Where You Should Eat Tonight and What You Should Order

Where You Should Eat Tonight and What You Should Order
Jennifer Silverberg

Verbatim text exchange with our s.o. on a recent Friday as Gut Check slouched home from the blogger salt mines for the weekend:

Gut Check: driving home right now

S.O.: I'm blank on dinner ideas

Gut Check: am at the whole fds intersection

S.O.: Still blank

Yes, we all have issues. Some of them, though, have relatively simple solutions. Which brings us to a new weekly Friday-afternoon Gut Check feature:

"Where You Should Eat Tonight and What You Should Order"

It's just what it sounds like: Each week we'll supply the name of one of our favorite St. Louis restaurants and a dish or two we -- in consultation with the chef -- highly recommend you try.

(Note: Significant other not required. In fact, even if you are so equipped, feel free to fly solo. Like we said: We all have issues.)

This week Gut Check suggests Sameem Afghan Restaurant (4341 Manchester Avenue; 314-534-9500). The Afghan, Persian and Indian cuisine served here is an RFT favorite, and we're pretty certain you'll love it too.

Lamb Qabelli Palau from Sameem Afghan Restaurant. - Jennifer Silverberg
Jennifer Silverberg
Lamb Qabelli Palau from Sameem Afghan Restaurant.

We caught up with owner Qayum Mohammad and asked him to dish about his current top dishes.

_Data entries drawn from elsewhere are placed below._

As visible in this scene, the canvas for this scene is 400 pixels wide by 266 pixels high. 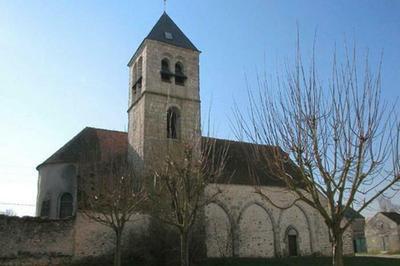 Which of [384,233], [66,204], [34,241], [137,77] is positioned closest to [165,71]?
[137,77]

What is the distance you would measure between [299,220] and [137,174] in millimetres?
10395

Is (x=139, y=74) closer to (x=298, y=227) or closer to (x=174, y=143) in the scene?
(x=174, y=143)

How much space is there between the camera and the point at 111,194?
626 inches

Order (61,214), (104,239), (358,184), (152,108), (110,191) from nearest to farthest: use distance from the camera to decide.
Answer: (358,184) → (110,191) → (104,239) → (61,214) → (152,108)

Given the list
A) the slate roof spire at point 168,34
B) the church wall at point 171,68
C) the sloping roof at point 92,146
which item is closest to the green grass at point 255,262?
the sloping roof at point 92,146

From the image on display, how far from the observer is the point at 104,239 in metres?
19.1

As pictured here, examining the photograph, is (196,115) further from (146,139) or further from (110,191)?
(110,191)

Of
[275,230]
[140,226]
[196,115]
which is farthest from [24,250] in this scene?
[275,230]

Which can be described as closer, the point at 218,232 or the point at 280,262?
the point at 280,262

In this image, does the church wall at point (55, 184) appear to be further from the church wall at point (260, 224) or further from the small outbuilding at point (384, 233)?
the small outbuilding at point (384, 233)

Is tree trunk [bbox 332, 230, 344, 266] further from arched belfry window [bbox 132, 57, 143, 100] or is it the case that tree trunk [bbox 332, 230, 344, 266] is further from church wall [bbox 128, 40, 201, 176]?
arched belfry window [bbox 132, 57, 143, 100]

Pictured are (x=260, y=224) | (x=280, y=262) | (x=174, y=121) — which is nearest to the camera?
(x=280, y=262)

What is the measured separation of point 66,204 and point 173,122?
23.1 ft

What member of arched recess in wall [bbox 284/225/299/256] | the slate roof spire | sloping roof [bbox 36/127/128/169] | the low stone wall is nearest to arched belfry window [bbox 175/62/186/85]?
the slate roof spire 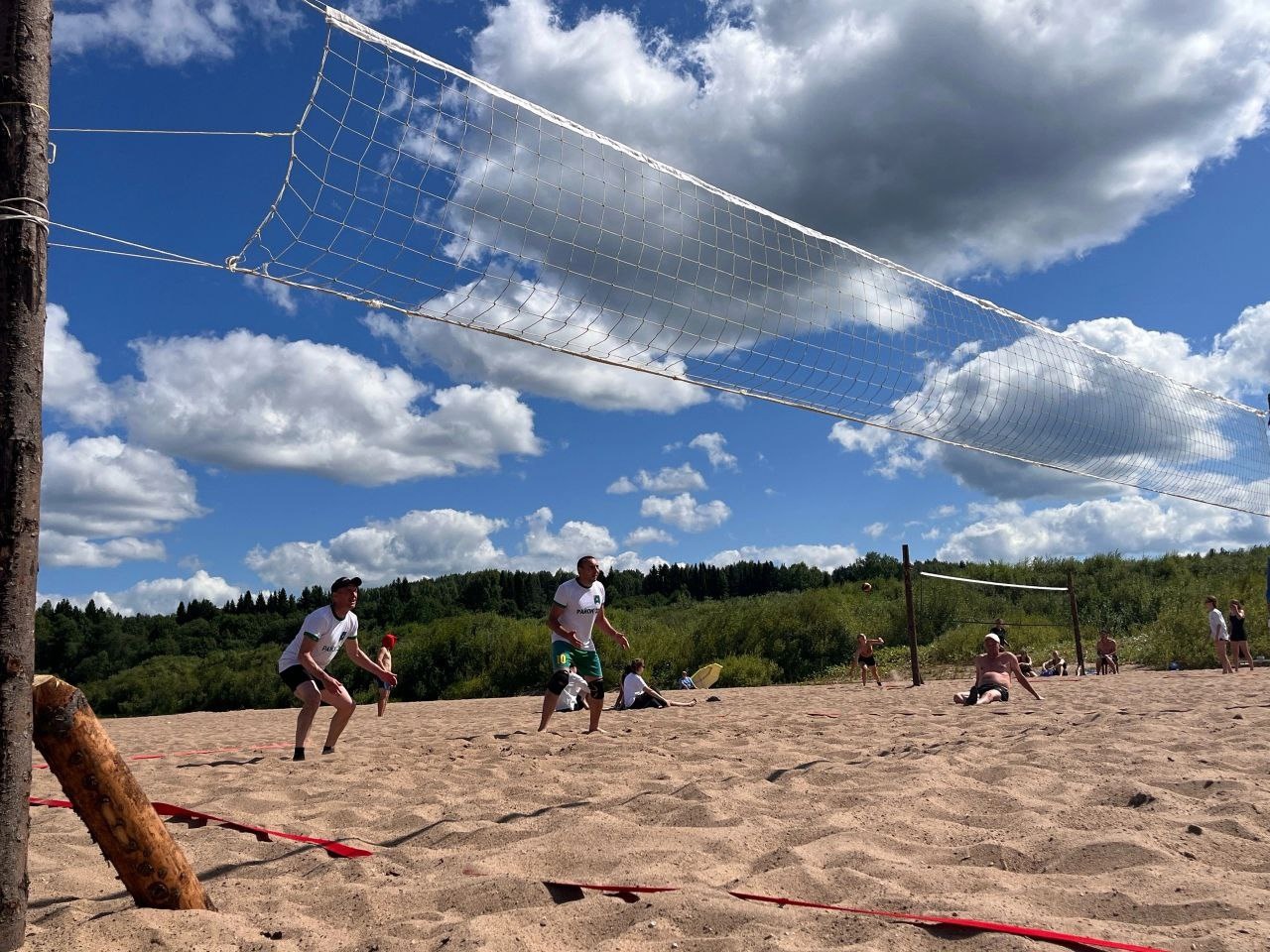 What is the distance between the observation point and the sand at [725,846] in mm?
2180

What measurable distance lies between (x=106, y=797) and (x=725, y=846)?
174 cm

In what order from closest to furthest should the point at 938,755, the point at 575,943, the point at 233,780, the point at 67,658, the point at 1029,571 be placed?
the point at 575,943 → the point at 938,755 → the point at 233,780 → the point at 1029,571 → the point at 67,658

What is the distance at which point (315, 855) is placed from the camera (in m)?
3.00

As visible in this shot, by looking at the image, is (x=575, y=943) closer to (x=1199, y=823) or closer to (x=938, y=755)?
(x=1199, y=823)

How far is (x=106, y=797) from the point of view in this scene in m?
2.24

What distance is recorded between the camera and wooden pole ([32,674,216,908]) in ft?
7.20

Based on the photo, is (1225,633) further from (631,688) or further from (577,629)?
(577,629)

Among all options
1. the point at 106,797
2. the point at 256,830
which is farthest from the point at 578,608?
the point at 106,797

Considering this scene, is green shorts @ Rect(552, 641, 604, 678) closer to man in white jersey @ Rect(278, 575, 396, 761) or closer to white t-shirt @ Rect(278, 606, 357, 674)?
man in white jersey @ Rect(278, 575, 396, 761)

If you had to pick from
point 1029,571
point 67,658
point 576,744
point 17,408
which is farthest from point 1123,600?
point 67,658

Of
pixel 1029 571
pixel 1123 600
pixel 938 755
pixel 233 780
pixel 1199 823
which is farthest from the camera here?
pixel 1029 571

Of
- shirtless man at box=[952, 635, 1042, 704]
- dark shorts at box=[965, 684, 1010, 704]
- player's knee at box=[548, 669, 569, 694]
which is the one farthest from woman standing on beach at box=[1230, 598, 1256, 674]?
player's knee at box=[548, 669, 569, 694]

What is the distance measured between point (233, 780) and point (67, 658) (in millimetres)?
45353

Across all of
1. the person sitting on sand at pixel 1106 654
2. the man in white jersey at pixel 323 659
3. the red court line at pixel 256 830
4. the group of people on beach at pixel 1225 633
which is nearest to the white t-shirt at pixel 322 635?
the man in white jersey at pixel 323 659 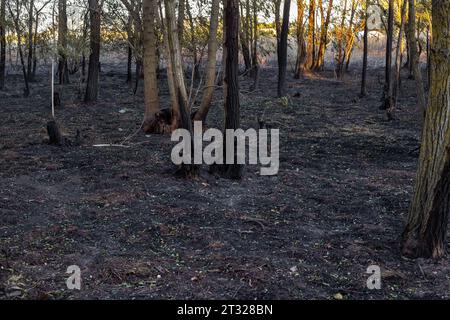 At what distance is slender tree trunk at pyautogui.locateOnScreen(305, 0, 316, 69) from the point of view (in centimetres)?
→ 2673

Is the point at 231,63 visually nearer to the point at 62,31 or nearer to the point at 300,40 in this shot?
the point at 62,31

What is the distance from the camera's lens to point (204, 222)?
647cm

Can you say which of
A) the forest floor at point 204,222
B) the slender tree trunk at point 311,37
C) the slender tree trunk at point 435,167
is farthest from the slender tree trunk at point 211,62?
the slender tree trunk at point 311,37

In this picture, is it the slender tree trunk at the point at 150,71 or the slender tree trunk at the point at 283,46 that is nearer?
the slender tree trunk at the point at 150,71

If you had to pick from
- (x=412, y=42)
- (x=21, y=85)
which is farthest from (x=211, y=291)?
(x=21, y=85)

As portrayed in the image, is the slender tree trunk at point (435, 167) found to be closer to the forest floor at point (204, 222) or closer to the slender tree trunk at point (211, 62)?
the forest floor at point (204, 222)

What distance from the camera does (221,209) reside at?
23.1 feet

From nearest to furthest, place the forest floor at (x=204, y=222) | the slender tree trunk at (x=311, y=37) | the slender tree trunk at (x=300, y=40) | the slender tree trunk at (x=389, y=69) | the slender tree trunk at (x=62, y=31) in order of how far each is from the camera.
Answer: the forest floor at (x=204, y=222) < the slender tree trunk at (x=389, y=69) < the slender tree trunk at (x=62, y=31) < the slender tree trunk at (x=300, y=40) < the slender tree trunk at (x=311, y=37)

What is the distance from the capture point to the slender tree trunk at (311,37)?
2673 cm

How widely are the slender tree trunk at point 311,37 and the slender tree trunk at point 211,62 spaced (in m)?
17.2

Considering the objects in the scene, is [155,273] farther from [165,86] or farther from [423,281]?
[165,86]

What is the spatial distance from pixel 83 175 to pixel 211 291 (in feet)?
15.0

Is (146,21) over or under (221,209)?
over

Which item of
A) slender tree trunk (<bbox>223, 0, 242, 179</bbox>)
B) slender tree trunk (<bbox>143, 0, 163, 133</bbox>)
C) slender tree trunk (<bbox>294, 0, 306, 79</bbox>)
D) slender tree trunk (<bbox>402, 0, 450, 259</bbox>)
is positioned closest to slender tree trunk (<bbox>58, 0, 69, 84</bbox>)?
slender tree trunk (<bbox>143, 0, 163, 133</bbox>) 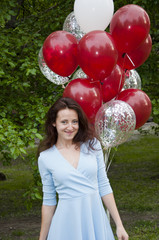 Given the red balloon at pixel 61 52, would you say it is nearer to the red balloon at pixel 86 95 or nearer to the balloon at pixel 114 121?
the red balloon at pixel 86 95

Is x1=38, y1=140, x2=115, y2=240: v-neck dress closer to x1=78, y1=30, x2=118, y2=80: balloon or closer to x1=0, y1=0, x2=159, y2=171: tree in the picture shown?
x1=78, y1=30, x2=118, y2=80: balloon

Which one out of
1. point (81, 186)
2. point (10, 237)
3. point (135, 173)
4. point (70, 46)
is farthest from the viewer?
point (135, 173)

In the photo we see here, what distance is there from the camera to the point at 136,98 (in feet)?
9.74

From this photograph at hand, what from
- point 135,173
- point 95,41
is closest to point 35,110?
point 95,41

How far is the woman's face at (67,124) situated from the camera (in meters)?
2.20

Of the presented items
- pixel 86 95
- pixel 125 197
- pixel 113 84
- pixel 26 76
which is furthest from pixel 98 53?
pixel 125 197

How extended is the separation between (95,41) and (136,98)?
599mm

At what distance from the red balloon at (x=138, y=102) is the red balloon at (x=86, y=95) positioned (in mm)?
262

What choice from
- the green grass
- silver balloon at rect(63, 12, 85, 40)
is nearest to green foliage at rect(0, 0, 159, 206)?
silver balloon at rect(63, 12, 85, 40)

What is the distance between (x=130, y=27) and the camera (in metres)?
2.81

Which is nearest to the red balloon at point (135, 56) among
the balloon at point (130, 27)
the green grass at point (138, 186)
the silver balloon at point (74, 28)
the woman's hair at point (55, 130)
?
the balloon at point (130, 27)

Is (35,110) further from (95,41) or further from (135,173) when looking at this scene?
(135,173)

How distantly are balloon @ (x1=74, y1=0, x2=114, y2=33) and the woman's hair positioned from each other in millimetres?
977

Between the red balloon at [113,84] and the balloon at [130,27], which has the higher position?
the balloon at [130,27]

Mohammad and his wife do most of the cooking, and though they love to experiment and come up with new items for the menu, they're partial to the classics. Mohammad recommends chicken teekah masala. The dish comes with your choice of chicken, shrimp or veggies in a "zesty, creamy tomato sauce," but chicken is the most popular iteration.

"It's so unique here," he says. "I came up with it myself. It's a very upscale version."

Mohammad takes chicken tenderloin kabobs and grills them in house-made teekah masala sauce. The sauce is made from pureed tomatoes -- "I never use tomato sauce!" Mohammad says -- and all the spices used are hand ground in the Sameem kitchen.

The chicken teekah masala is one of Sameem's best-selling dishes, as is his other suggestion this week: lamb qabelli palau, a traditional Afghan dish with basmati rice and slivers of carrots and raisins. It's traditionally served family style, but single portions are available.

To create this dish, Mohammad explains that the lamb is braised until it is "fork tender."

"You can hold it in front of a flame, and it'll fall apart," he says. "It's 100% very traditional Afghani food. It's like the cheeseburger of the U.S."

He says the unusual pairing of carrots and raisins mellows the richness and gameyness of the lamb. "It just adds a really wonderful character."

And how should you wash down an Afghani feast? Sameem's organic green tea flavored with cardamom.